Task goal :: Exactly the lines below starting at the line with "3958DM&4 中国骨董 人間国宝" and ending at the line with "Pantaloni Lino Baggy Fit Cintura P6314A" are wanted, with both ends included. Leave out the pictures and add no other lines.

Records shown ::
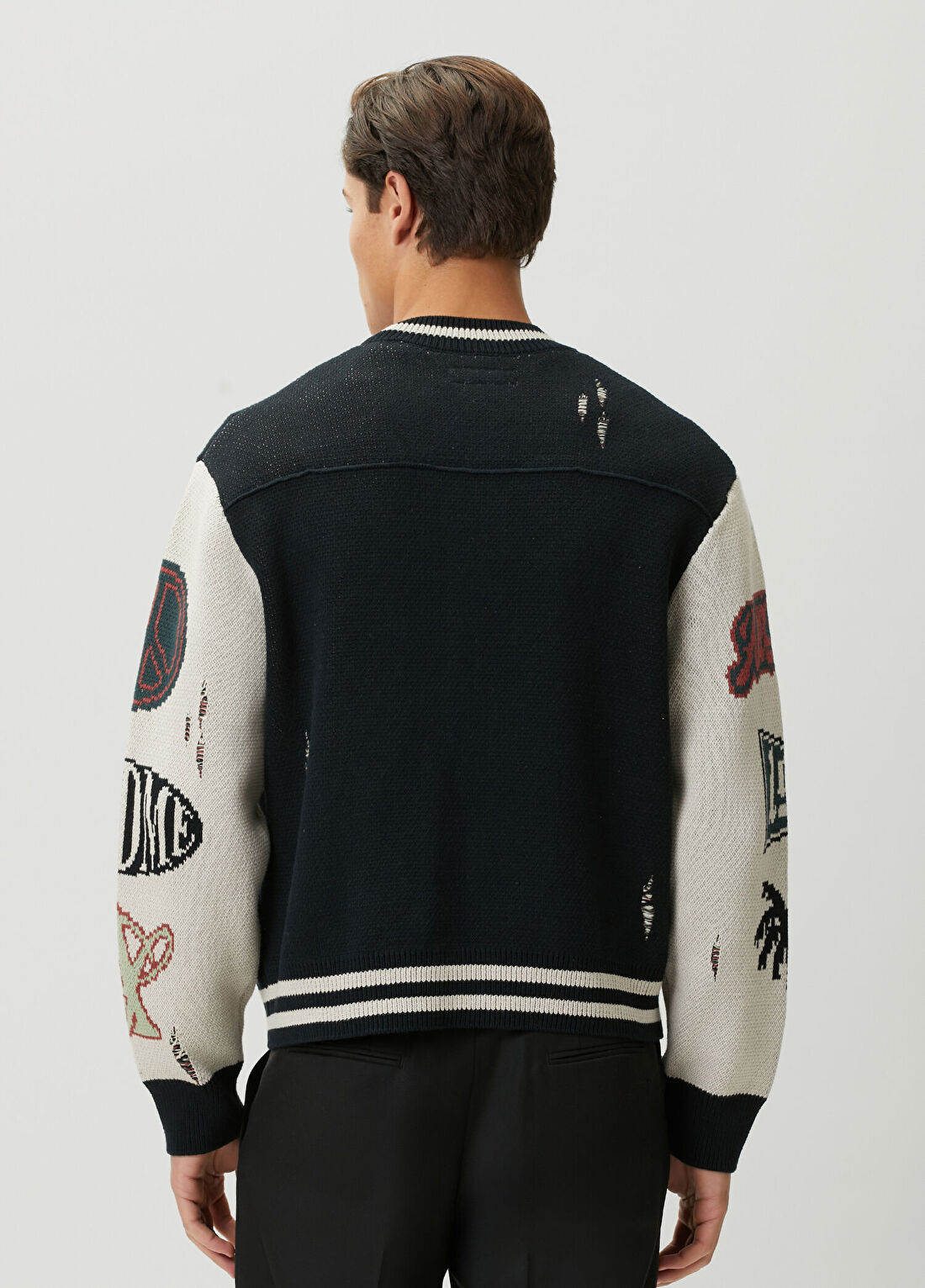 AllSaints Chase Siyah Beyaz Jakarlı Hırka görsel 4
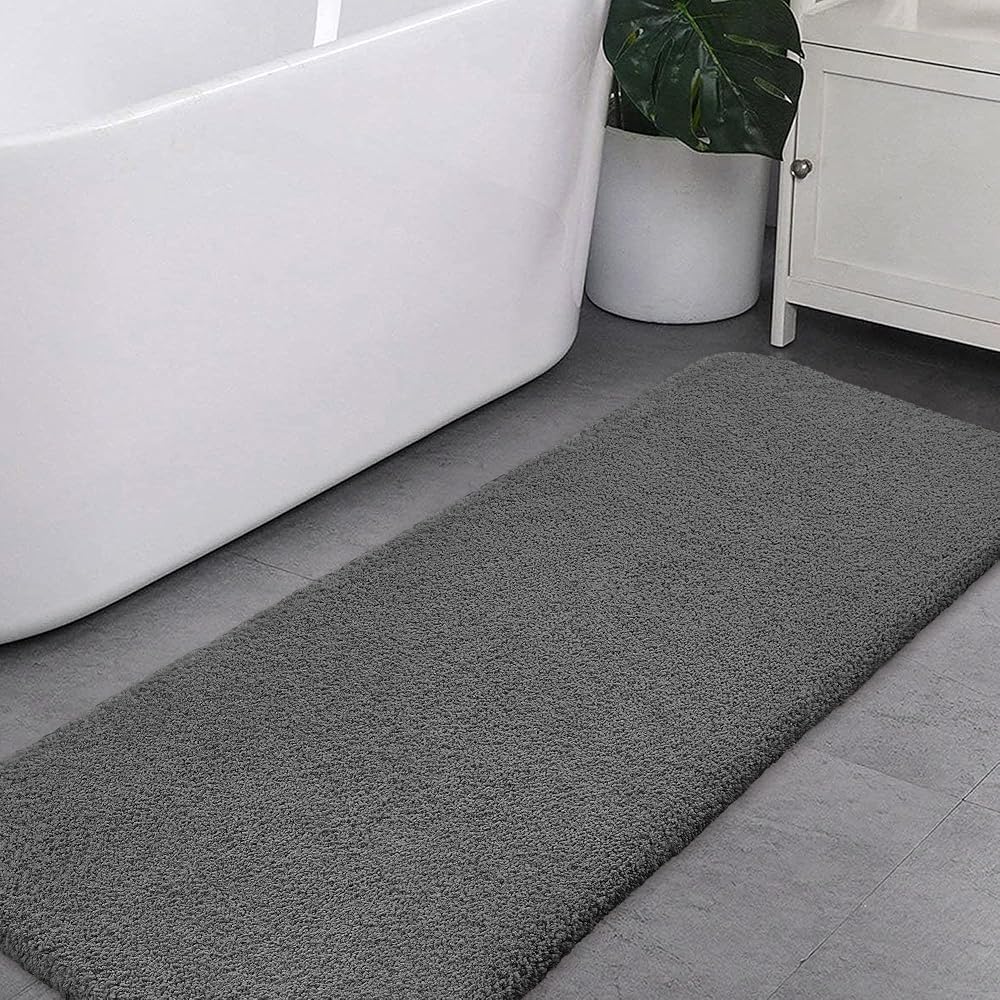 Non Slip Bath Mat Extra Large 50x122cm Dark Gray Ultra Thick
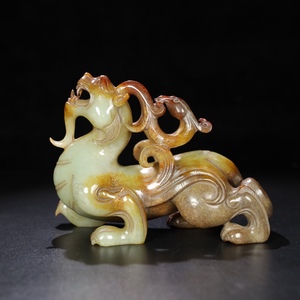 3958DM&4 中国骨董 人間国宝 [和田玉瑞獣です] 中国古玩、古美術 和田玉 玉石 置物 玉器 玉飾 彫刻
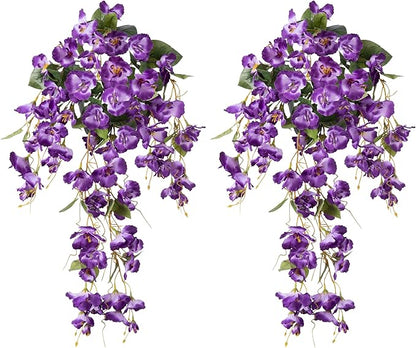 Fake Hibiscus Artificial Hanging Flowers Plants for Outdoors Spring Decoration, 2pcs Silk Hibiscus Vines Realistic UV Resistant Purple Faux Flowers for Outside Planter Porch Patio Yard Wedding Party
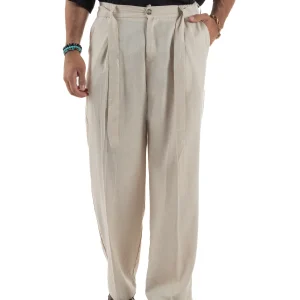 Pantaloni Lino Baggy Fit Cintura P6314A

==

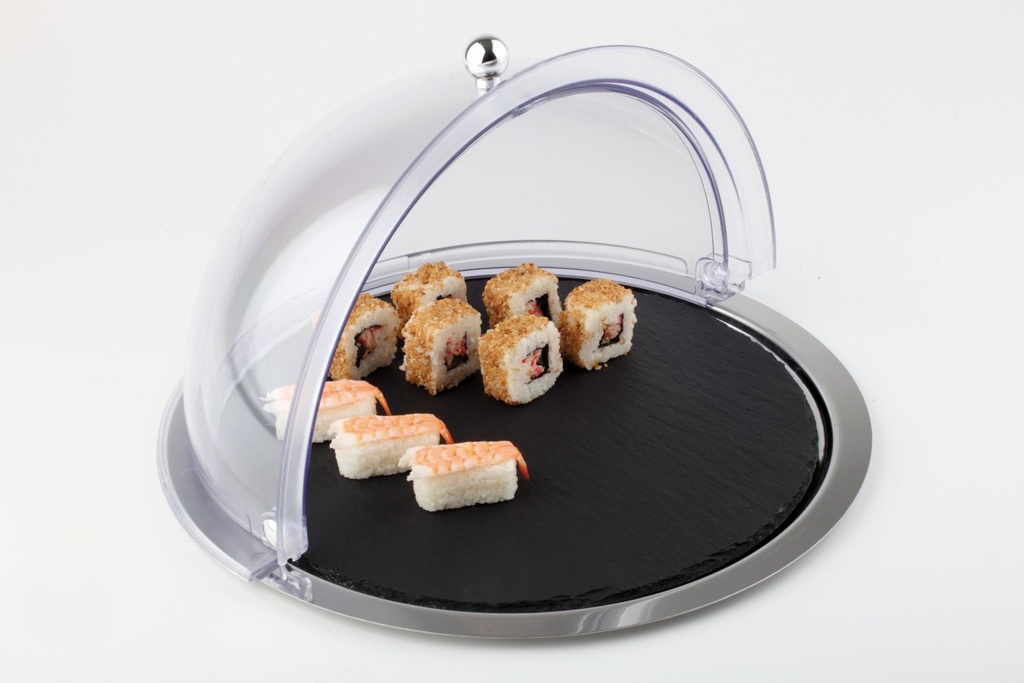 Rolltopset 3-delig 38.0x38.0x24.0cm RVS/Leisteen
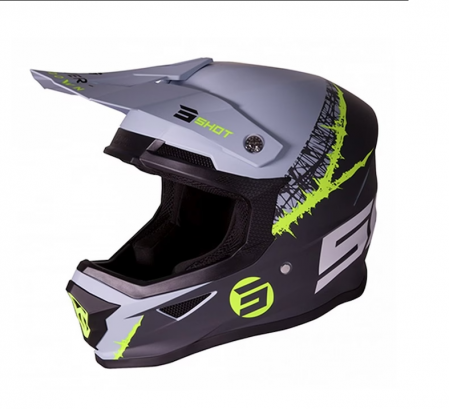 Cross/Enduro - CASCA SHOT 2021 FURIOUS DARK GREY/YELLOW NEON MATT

Answer to the problem ::
 3958DM&4 中国骨董 人間国宝 [和田玉瑞獣です] 中国古玩、古美術 和田玉 玉石 置物 玉器 玉飾 彫刻
 Fake Hibiscus Artificial Hanging Flowers Plants for Outdoors Spring Decoration, 2pcs Silk Hibiscus Vines Realistic UV Resistant Purple Faux Flowers for Outside Planter Porch Patio Yard Wedding Party
 Pantaloni Lino Baggy Fit Cintura P6314A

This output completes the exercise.